Structural Characterization of an Early Fusion Intermediate of Influenza Virus Hemagglutinin

Xu, Rui; Wilson, Ian A

doi:10.1128/JVI.02430-10

Title: Structural Characterization of an Early Fusion Intermediate of Influenza Virus Hemagglutinin

Journal Article · Wed Dec 07 00:00:00 EST 2011 · J. Virol.

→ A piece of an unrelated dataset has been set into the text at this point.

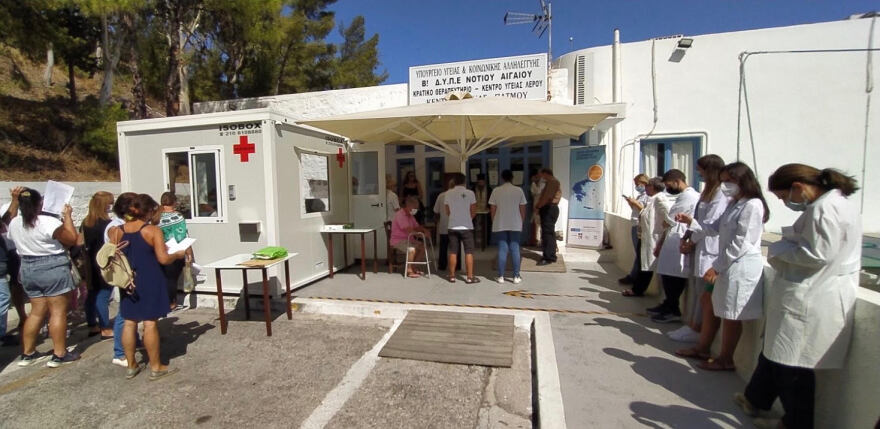 Στα Ψαρά άυριο οι Κινητές Ιατρικές Μονάδες 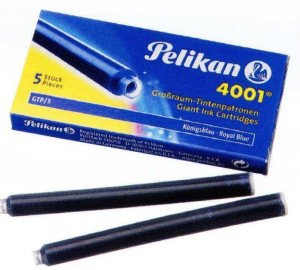 Naboje długie Pelikan 4001 GTP/5. Niebieskie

DOI:https://doi.org/10.1128/JVI.02430-10· OSTI ID:1028517

Xu, Rui; Wilson, Ian A ^[1]

Scripps

The hemagglutinin (HA) envelope protein of influenza virus mediates viral entry through membrane fusion in the acidic environment of the endosome. Crystal structures of HA in pre- and postfusion states have laid the foundation for proposals for a general fusion mechanism for viral envelope proteins. The large-scale conformational rearrangement of HA at low pH is triggered by a loop-to-helix transition of an interhelical loop (B loop) within the fusion domain and is often referred to as the 'spring-loaded' mechanism. Although the receptor-binding HA1 subunit is believed to act as a 'clamp' to keep the B loop in its metastable prefusion state at neutral pH, the 'pH sensors' that are responsible for the clamp release and the ensuing structural transitions have remained elusive. Here we identify a mutation in the HA2 fusion domain from the influenza virus H2 subtype that stabilizes the HA trimer in a prefusion-like state at and below fusogenic pH. Crystal structures of this putative early intermediate state reveal reorganization of ionic interactions at the HA1-HA2 interface at acidic pH and deformation of the HA1 membrane-distal domain. Along with neutralization of glutamate residues on the B loop, these changes cause a rotation of the B loop and solvent exposure of conserved phenylalanines, which are key residues at the trimer interface of the postfusion structure. Thus, our study reveals the possible initial structural event that leads to release of the B loop from its prefusion conformation, which is aided by unexpected structural changes within the membrane-distal HA1 domain at low pH.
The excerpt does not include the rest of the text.